The above chart shows that the belly of the curve (7-10 year treasuries) have been selling off since the mid-spring. Prices for the ETF have dropped from 108 to 100, leading to a rise in interest rates. Overall, we're seeing a large sell-off from foreign investors:
Figures released from the Treasury on Thursday showed that outflows of longer-term US securities, which include government debt as well as equities, reached $66.9bn in June. Foreign investors sold $40.8bn worth of Treasury bonds, the highest monthly sell-off on record, according to data from the so-called “TIC report”.
Here is a chart of the 10-year treasury rate from the St.
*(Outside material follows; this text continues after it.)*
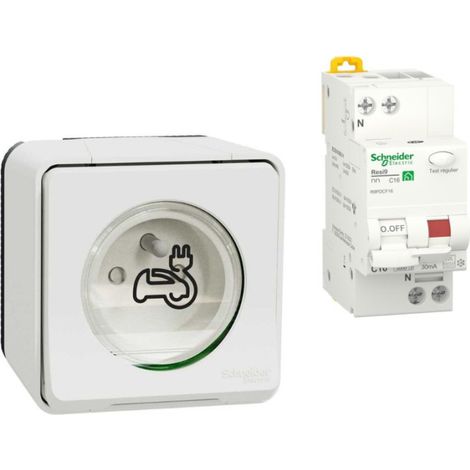 Schneider Electric – Pack prise de courant 2P + T renforcée pour VE Mureva Styl saillie – Disjoncteur différentiel 16A – Installation IP55 pour intérieur et extérieur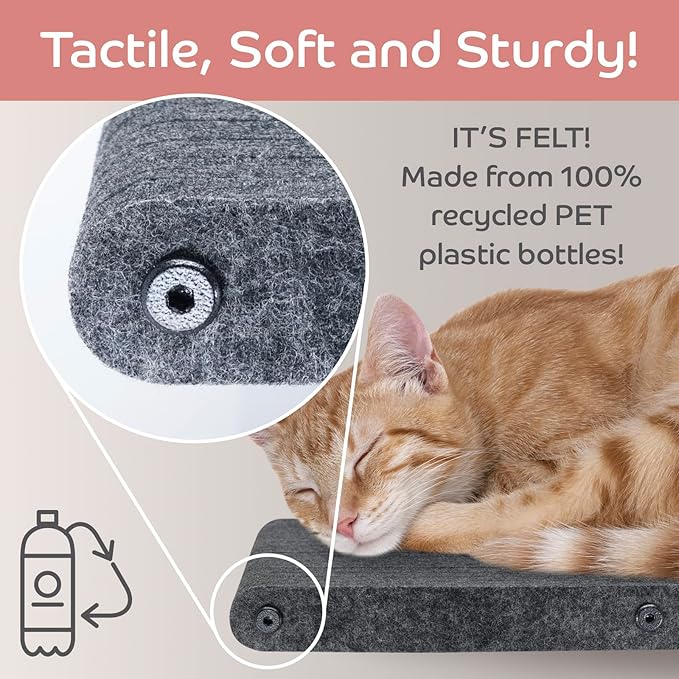 Wall Mounted Cat Steps Short Shelves (2) by Pryde Pets - Stairs for Walkways, 100% Sustainable PET Felt Feline Enrichment Climber Furniture for Indoor Cats, Modern Climbing Gym Design (Charcoal)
Louis Fed:
Rates have risen over 100 basis points in the last 6-7 months, which is bleeding through to the mortgage market. This rate increase is hitting the home buying market:
Following four consecutive months of improvement, builder confidence in the market for newly built, single-family homes held unchanged in September with a reading of 58 on the National Association of Home Builders/Wells Fargo Housing Market Index (HMI), released today.
“While builder confidence is holding at the highest level in nearly eight years, many are reporting some hesitancy on the part of buyers due to the sharp increase in interest rates,” said NAHB Chairman Rick Judson, a home builder from Charlotte, N.C. “Home buyers are adjusting to the fact that, while mortgage rates are still quite favorable on a historic basis, the record lows are probably a thing of the past.”
“Following a solid run up in builder confidence over the past year, we are seeing a pause in the momentum as consumers wait to see where interest rates settle and as the headwinds of tight credit, shrinking supplies of lots for development and increasing labor costs continue,” noted NAHB Chief Economist David Crowe.